SiriusXM Canada has reached a settlement with the Competition Bureau over so-called “drip pricing” that will see the satellite radio provider pay a $3.3 million penalty.
A bureau investigation found that outside the province of Quebec, SiriusXM advertised its satellite radio and streaming subscription plans at prices that were not attainable to consumers due to an additional mandatory “Music Royalty and Administrative Fee” which increased the monthly cost of a plan by 10 to 20%. The bureau says the offer was promoted across the company’s website, as well as in promotional emails and direct mail.

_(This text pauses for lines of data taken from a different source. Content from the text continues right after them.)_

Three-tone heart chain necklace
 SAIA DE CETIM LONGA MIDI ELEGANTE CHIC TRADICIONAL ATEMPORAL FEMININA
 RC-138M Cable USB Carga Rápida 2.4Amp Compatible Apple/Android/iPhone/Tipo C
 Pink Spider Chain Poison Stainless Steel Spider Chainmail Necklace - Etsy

As part of the agreement registered with the Competition Tribunal, SiriusXM will cover the cost of the bureau’s investigation (an additional $30,000), in addition to the penalty. The company has also agreed not to engage in drip pricing, nor promote subscription plans at prices that are unattainable and has committed to enhancing its compliance program and implement new procedures compliant with the law.
“Canadians should be able to trust that the price they see is the one they pay,” said Commissioner of Competition Matthew Boswell, in a Competition Bureau release. “Consumers are entitled to clear and precise information, and should never be surprised by hidden or additional fees. Businesses should review their marketing claims and make sure their prices are always displayed upfront.”
Drip pricing has been formally recognized as a harmful business practice since 2022 following an amendment to the Competition Act. The bureau has taken previous action under the Deceptive Marketing Practices provision of the Act to take action in the car rental, online sporting and entertainment ticketing industries.